We begin by loading common python libraries. Note, the plotly visualization saving requires kaleido, which the user may need to install.

In [2]:
#Import python libraries
import json
from datetime import datetime
import urllib.parse
import requests
import pandas as pd
import plotly.express as px

### Maximum Average and Minimum Average

The following sections of code will find the max and min average pageviews per month for mobile and desktop articles. We will begin by loading in the mobile and desktop files from the clean_data folder as dictionaries.

In [3]:
#Loading in desktop and mobile files
mobile_file = open("../clean_data/academy_monthly_mobile_201507-202309.json")
desktop_file = open("../clean_data/academy_monthly_desktop_201507-202309.json")

#Turn files into dicts
mobile_dict = json.load(mobile_file)
desktop_dict = json.load(desktop_file)

Given we must repeat the process on both desktop and mobile articles we create a function which can be reused to generate a list of article titles and a separate list of average monthly pageviews. By identifying the max and min pageviews' indices, one can also find the articles with the max and min pageviews respectively.

In [4]:
#Creating function to return article name w/ max average monthly pageviews
#and article name with min monthly pageviews

def min_max_articles(dict_file):
    #Finding the average pageviews per month & adding to list
    article_list = list(dict_file.keys())
    avg_monthly_views = []
    for key in article_list:
        num_months = 0
        tot_views = 0
        for month in dict_file[key]:
            num_months = num_months + 1
            tot_views = tot_views + month['views']
        avg_monthly_views.append(tot_views/num_months)
    #Getting the index of the max and min pageviews
    min_views = min(avg_monthly_views)
    max_views = max(avg_monthly_views)
    min_index = avg_monthly_views.index(min_views)
    max_index = avg_monthly_views.index(max_views)
    #Getting the name of the max and min articles
    min_article = article_list[min_index]
    max_article = article_list[max_index]
    return min_article, max_article

#Use the following line to test if the method is working
#min_name, max_name= min_max_articles(mobile_dict)
#print(min_name, max_name)

Next, we will create a function to return a dataframe with the timeseries data for the articles with the min and max monthly views from a single datasource.

In [5]:
#Creating function to return timeseries information with monthly pageviews
#for min and max avg. pageviews articles

def min_max_timeseries(dict_file, min_name, max_name, access_format):
    timeseries_list = []
    for month in dict_file[min_name]:        
        raw_time = month['timestamp']
        format_time = datetime.strptime(raw_time, '%Y%m%d%H').strftime('%Y-%m')
        timeseries_list.append([min_name,"min "+access_format,
                             format_time, month['views']])
    for month in dict_file[max_name]:
        raw_time = month['timestamp']
        format_time = datetime.strptime(raw_time, '%Y%m%d%H').strftime('%Y-%m')
        timeseries_list.append([max_name,"max "+access_format,
                             format_time, month['views']])
    timeseries_df = pd.DataFrame(timeseries_list)
    timeseries_df.columns = ['article_title', 'kind', 'date', 'pageviews']
    return timeseries_df

#Use the following line to test if the method is working
'''mobile_df = min_max_timeseries(mobile_dict, min_name, max_name, "mobile")
mobile_df'''

'mobile_df = min_max_timeseries(mobile_dict, min_name, max_name, "mobile")\nmobile_df'

Now that we've created the two fuctions above, we will use them to pull the min and max names from the desktop and mobile datasources respectively.

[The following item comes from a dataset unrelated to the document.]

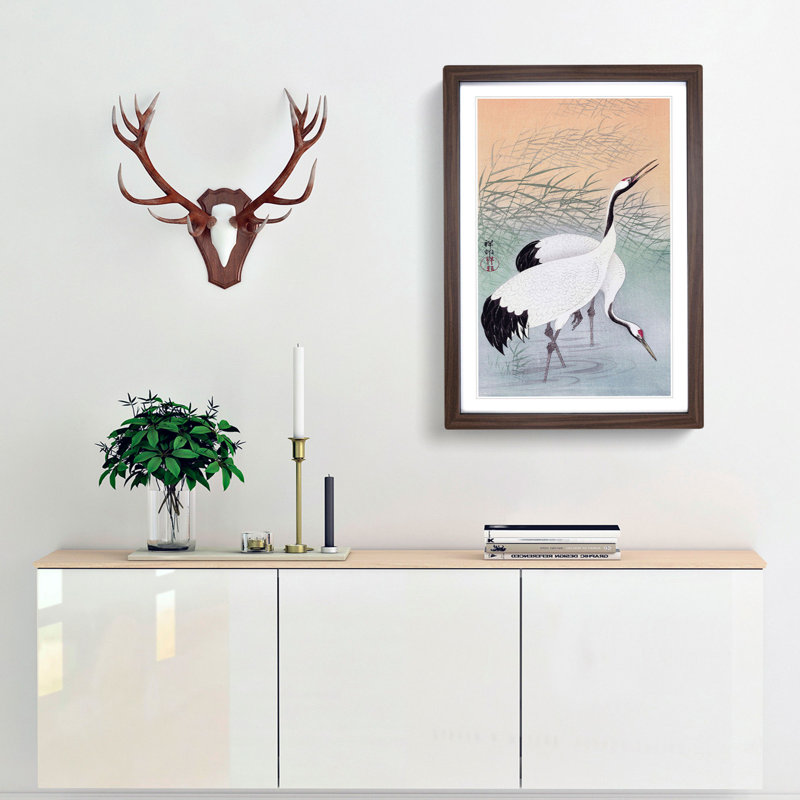 Two Cranes by Ohara Koson - Framed Print, 65cm H x 48cm W x 2cm D, Walnut Framed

We will then use those names to generate two dataframes with timeseries data, and combine the data into a single timeseries for later graphing.

In [6]:
#Pulling desktop and mobile info
min_desktop_name, max_desktop_name = min_max_articles(desktop_dict)
#print(min_desktop_name, max_desktop_name)
min_mobile_name, max_mobile_name = min_max_articles(mobile_dict)
#print(min_mobile_name, max_mobile_name)

#Generating dataframes with min and max desktop and mobile data respectively
desktop_df = min_max_timeseries(desktop_dict, min_desktop_name, max_desktop_name, "desktop")
mobile_df = min_max_timeseries(mobile_dict, min_mobile_name, max_mobile_name, "mobile")

#Combining the dataframes together
df_list = [desktop_df, mobile_df]
min_max_avg_df = pd.concat(df_list)
min_max_avg_df

Unnamed: 0,article_title,kind,date,pageviews
0,Project Hope (film),min desktop,2015-07,56
1,Project Hope (film),min desktop,2015-08,31
2,Project Hope (film),min desktop,2015-09,60
3,Project Hope (film),min desktop,2015-10,56
4,Project Hope (film),min desktop,2015-11,40
...,...,...,...,...
109,The Whale (2022 film),max mobile,2023-05,194589
110,The Whale (2022 film),max mobile,2023-06,210556
111,The Whale (2022 film),max mobile,2023-07,167920
112,The Whale (2022 film),max mobile,2023-08,192969


To make it clearer in our legend which article title represents which max/min desktop/mobile article, we are creating a "legend" column which combines the article name with its kind (e.g., max mobile).

In [None]:
#Combining cols into new col
min_max_avg_df['legend'] = min_max_avg_df['article_title']+" ("+min_max_avg_df['kind']+")"
#min_max_avg_df

Now we will graph the timeseries data for the min and max desktop and mobile article views. We will use the Seaborn library with each article title as a line and its pageviews over time.

In [None]:
#Creating Seaborn plot of multi-line timeseries
fig = px.line(min_max_avg_df, x = 'date', y = 'pageviews', color = 'legend',
             labels = {
                 'date': 'Date',
                 'pageviews': "Total Monthly Pageviews",
                 'legend': "Legend"
             },
             title = "Articles with Min and Max Avg. Monthly Pageviews on Desktop and Mobile")
fig.update_layout(font_size = 8,
                    title=dict(font=dict(size=12)))
fig.show()
fig.write_image('../results/min_avg_max_avg.png')